Only perform this procedure if you are mounting the etcd database on an in-place high availability deployment. If you are setting up a new high availability deployment, first follow the instructions in High Availability, and then return to this procedure. With new high availability deployments, TOS Aurora should only be installed on one data node.

Preliminary Preparations

  1. Run the following command:

    lsblk | grep "/var/lib/rancher/k3s/server/db"
    lsblk | grep "/var/lib/rancher/k3s/server/db"

    If the output contains /var/lib/rancher/k3s/server/db, etcd is already on a separate disk, and you do not need to perform this procedure.

    If no output is returned, continue the procedure.

  2. Switch to the root user.

    [<ADMIN> ~]$ sudo su -
    sudo su -
  3. Install the rsync RPM.

    [<ADMIN> ~]$ dnf install rsync
    dnf install rsync
  4. Find the name of the last disk added to the VM instance.

    [<ADMIN> ~]# lsblk -ndl -o NAME
    lsblk -ndl -o NAME

    The output returns the list of disks on the VM instance. The last letter of the disk name indicates in which it was added, for example: sda, sdb, sdc.

  5. Save the name of the last disk in a separate location. You will need it later for verification purposes.

Mount The etcd Database to a Separate Disk

Shut down TOS

  1. Shut down TOS.

    [<ADMIN> ~]# tos stop
    tos stop
  2. Wait for the following message:

    Deployment has been stopped successfully
  3. Stop the k3s service.

    [<ADMIN> ~]# systemctl stop k3s.service
    systemctl stop k3s.service
  4. Disable the k3s service.

    [<ADMIN> ~]# systemctl disable k3s.service
    systemctl disable k3s.service
  5. Verify that the k3s service is stopped and disabled.

    [<ADMIN> ~]# systemctl is-active k3s.service
    systemctl is-active k3s.service

    Output should return inactive.

    [<ADMIN> ~]# systemctl is-enabled k3s.service
    systemctl is-enabled k3s.service

    Output should return disabled.

Mount The etcd Database

Repeat steps these steps for each data node.

Start TOS

  1. Start the k3s service.

    [<ADMIN> ~]# systemctl start k3s.service
    systemctl start k3s.service

    Verify that there are no errors in the command output and that the service is active (running).
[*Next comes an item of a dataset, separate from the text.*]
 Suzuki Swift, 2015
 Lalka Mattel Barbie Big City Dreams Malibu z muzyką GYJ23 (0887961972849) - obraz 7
  2. Enable the k3s service.

    [<ADMIN> ~]# systemctl enable k3s.service
    systemctl enable k3s.service
  3. Verify that the k3s service is enabled.

    [<ADMIN> ~]# systemctl is-enabled k3s.service
    systemctl is-enabled k3s.service
  4. The output should return enabled.

  5. Primary data node only. Start TOS.

    [<ADMIN> ~]# tos start
    tos start

Check the Cluster Status

  1. On the primary data node, check the TOS status.

    [<ADMIN> ~]$ sudo tos status
    sudo tos status
  2. In the output, check if the System Status is Ok and all the items listed under Components appear as ok. If this is not the case, contact Tufin Support.

  3. Example output:

    [<ADMIN> ~]$ tos status         
    [Mar 28 13:42:09]  INFO Checking cluster health status           
    TOS Aurora
    Tos Version: 24.2 (PRC1.1.0)
    
    System Status: "Ok"
                
    Cluster Status:
       Status: "Ok"
       Mode: "High Availability"
    
    Nodes
      Nodes:
      - ["node1"]
        Type: "Primary"
        Status: "Ok"
        Disk usage:
        - ["/opt"]
          Status: "Ok"
          Usage: 32%
      - ["node3"]
        Type: "Ha Data Node"
        Status: "Ok"
        Disk usage:
        - ["/opt"]
          Status: "Ok"
          Usage: 11%
      - ["node2"]
        Type: "Ha Data Node"
        Status: "Ok"
        Disk usage:
        - ["/opt"]
          Status: "Ok"
          Usage: 11%
    
    registry
      Expiration ETA: 819 days
      Status: "Ok"
    
    Infra
    Databases:
    - ["cassandra"]
      Status: "Ok"
    - ["kafka"]
      Status: "Ok"
    - ["mongodb"]
      Status: "Ok"
    - ["mongodb_sc"]
      Status: "Ok"
    - ["ongDb"]
      Status: "Ok"
    - ["postgres"]
      Status: "Ok"
    - [postgres_sc"]
      Status: "Ok"
    
    Application
    Application Services Status OK
    Running services 54/54
    
      Backup Storage:
      Location: "Local
    s3:http://minio.default.svc:9000/velerok8s/restic/default "
      Status: "Ok"
      Latest Backup: 2024-03-23 05:00:34 +0000 UTC